The fiscal cliff settlement affects Alabama differently than most other states. That's because Alabama is one of the few states that provides its citizens with a state income tax deduction for the federal taxes paid. The federal settlement allowed a temporary reduction in payroll taxes for Social Security and Medicare to expire. It also raised the tax rates on the wealthiest 1 percent of Americans.
The Legislature's top financial expert is forecasting lawmakers will have more money to appropriate for education programs, but less for other state operations.
The director of the Legislative Fiscal Office, Norris Green, gave legislators a forecast Tuesday showing that revenue for the education budget should grow by $238 million in the new fiscal year starting Oct. 1. That means the budget could grow from $5.55 billion this fiscal year to $5.79 billion in the new year.

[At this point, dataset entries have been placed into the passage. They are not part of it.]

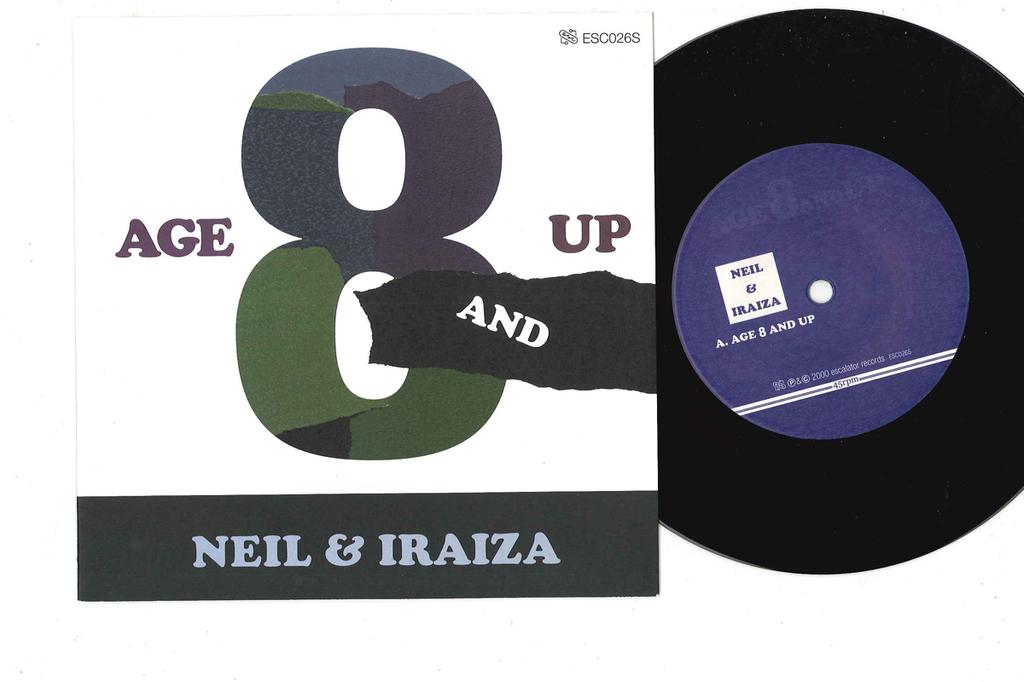 7inch Record NEIL & IRAIZA - Age 8 And Up / Thanks For B. B. ESC026S ESCALATOR 2000 Japan Rock Used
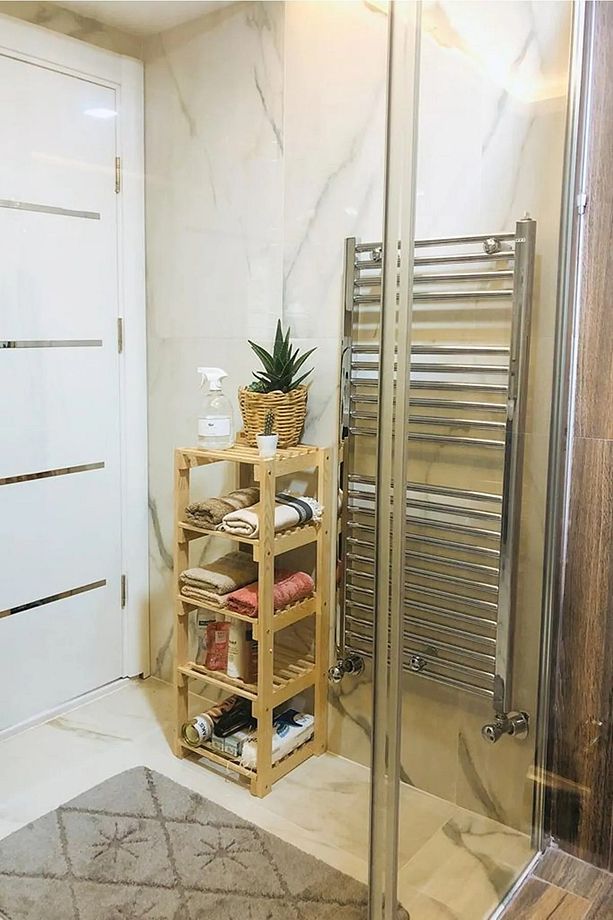 Ahşap Organizer Banyo Rafı Ayakkabılık Çok Amaçlı Raf Çiçeklik Kitaplık - 3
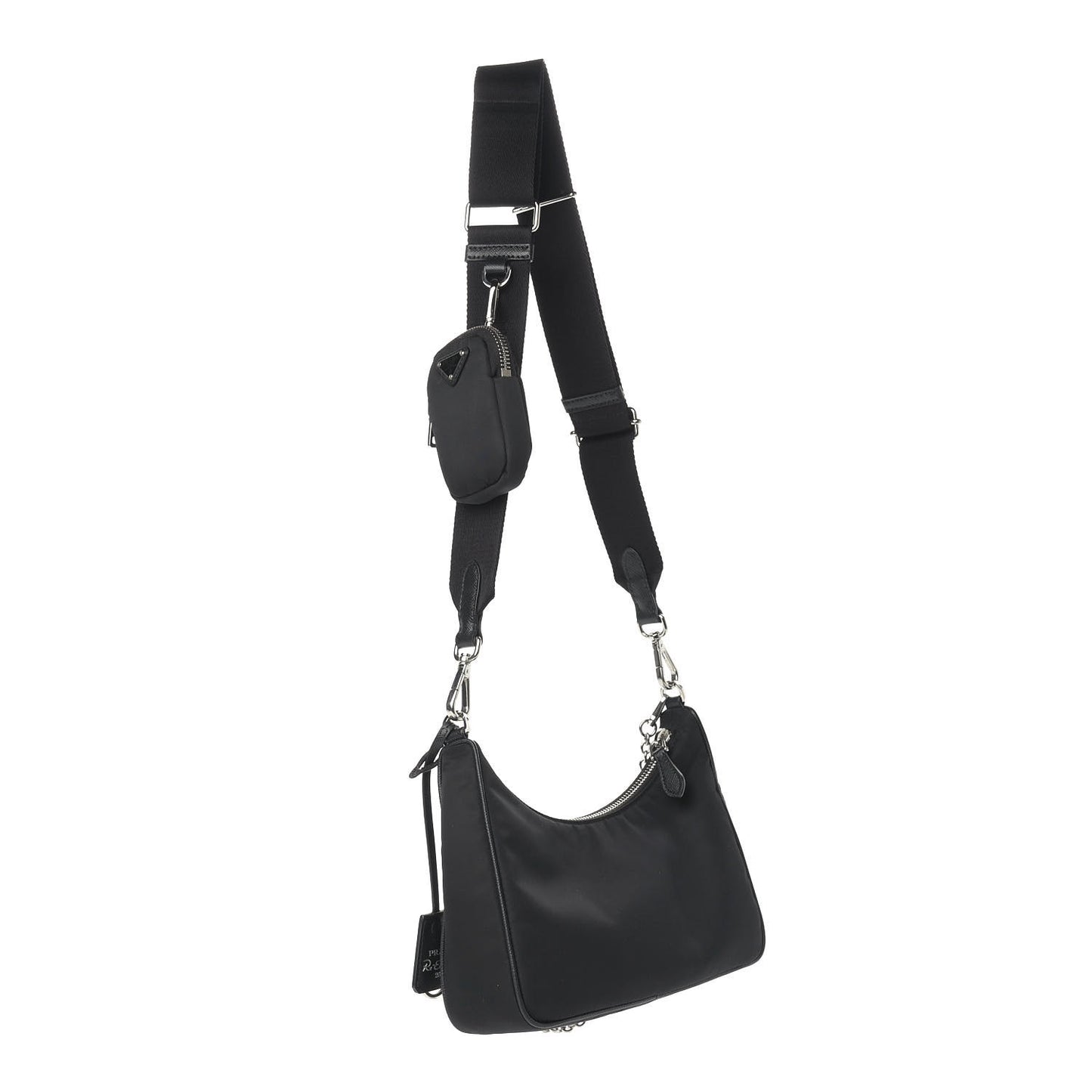 Nylon Re-Edition 2005 Shoulder Bag Black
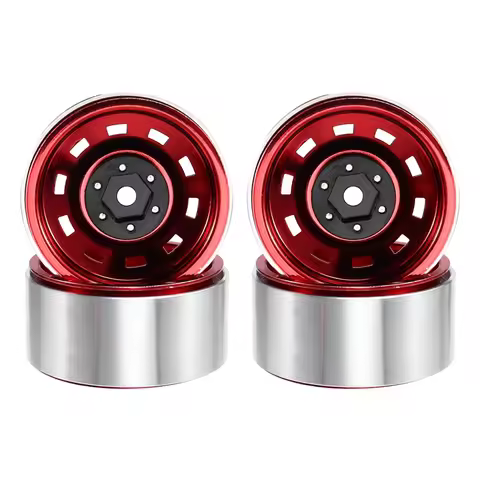 RC Crawler 1.9Inch Beadlock Wheels Aluminum Wheel Hub For 1/10 TRX4 TRX6 Axial SCX10 II III Redcat G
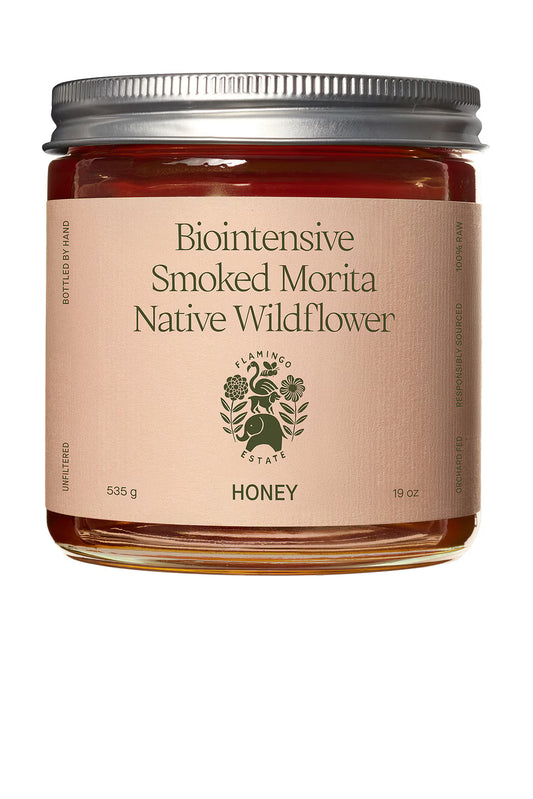 Biointensive Smoked Morita Native Wildflower Honey | Flamingo Estate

Alabama legislators will get an overview of the state's financial situation before they begin their 2013 legislative session at noon.
The director of the Legislative Fiscal Office, Norris Green, and the state finance director, Marquita Davis, are scheduled to address legislators at 9:30 a.m. Tuesday in the Capitol. The financial overview is the traditional kickoff for each year's session.
Legislative budget committee chairmen says revenue for the state General Fund budget looks flat for the next fiscal year, but prospects for the education budget are picking up.